To dump the database addresses from the Cloud SQL instance mysql-1 in the GCP project gcp-proj-id to the bucket sql-dump1, set these values in your values.yaml file:

backup:
  project_id: gcp-proj-id
  instance:   mysql-1
  bucket:     gs://sql-dump1
  databases:
    - addresses

When the CronJob is done running the archive file will be in gs://<bucket>/<instance>--<database> which, in this case, is gs://sql-dump1/mysql-1--addresses.gz.

Design

The chart is a single CronJob. The CronJob has an InitContainer that copies the Python 3 script gcp-cloudsql-archive.py from this Git repository to the /root directory. The main container is Google's cloud-sdk image which contains the gcloud executable. The main container runs gcp-cloudsql-archive.py with parameters and options from values.yaml (see "Configuration" below). The program gcp-cloudsql-archive.py in turn calls gcloud.

See also the man page for gcp-cloudsql-archive.py.

Configuration

All configuration is made in values.yaml. Values are required unless marked otherwise.

namespace: The Kubernetes namespace
kubernetesServiceAccountName: This is the name of the Kubernetes service account to run the cronjob under. It needs to be bound to a GCP service account using Workload Identity. The GCP service account must permission to dump the SQL data and write to the bucket; see GCP service account permissions below for more details on the permissions needed.
backup:project_id: the GCP Project id where the Cloud SQL and bucket reside.
backup:instance: the name of the Cloud SQL instance.
backup:bucket: The destination bucker. Should be of the form gs://mybucket.
backup:databases: A list of databases to back up. Each will be backed up to a separate object in the bucket. Example:
```
  backup:
    databases:
      - abc
      - def
      - xyz
```
backup:verbosity: (optional) How verbose we want the gcloud sql export sql command to be. See the gcloud sql export documentation for the allowed values. Default: info.
backup:verbose: (optional) Have the wrapper script be more verbose. Note that this is different from backup:verbosity. Default: false.
backup:dry_run: (optional) Run in "dry-run" mode, that is, show what will happen but do not actually run the backups. Default: false.
crontab: a standard five-position crontab time string. Default: "30 6 1 * *" (run on the first of the month at 06:30).
sleepmode: (optional) Run the CronJob but run sleep infinity rather than the gcloud backup. This is useful for debugging. Default: false.

Important Notes

Trying to export a non-existent database will cause the application to hang. So, be careful when configuring.
The Cloud SQL database and the destination bucket must be in the same GCP project.
This archive must be publicly readable so that the InitContainer can copy the script gcp-cloudsql-archive.py to the main Pod.

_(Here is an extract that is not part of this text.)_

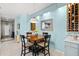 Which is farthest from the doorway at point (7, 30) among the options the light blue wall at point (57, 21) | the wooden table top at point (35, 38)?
the light blue wall at point (57, 21)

GCP service account permissions

The assumption is that users of this Helm chart will link the CronJob's Kubernetes service account to a GCP service account using Workload Identity. The GCP service account must have the permissions to be able read the data from the Cloud SQL instance and write to the Cloud Storage bucket. The permissions needed are described on the "Exporting and importing using SQL dump files" page.

You will also need to grant the service account associated with the Cloud SQL instance the right to create storage objects. For more details on this as well as Terraform code to enable these permissions see this StackOverflow answer.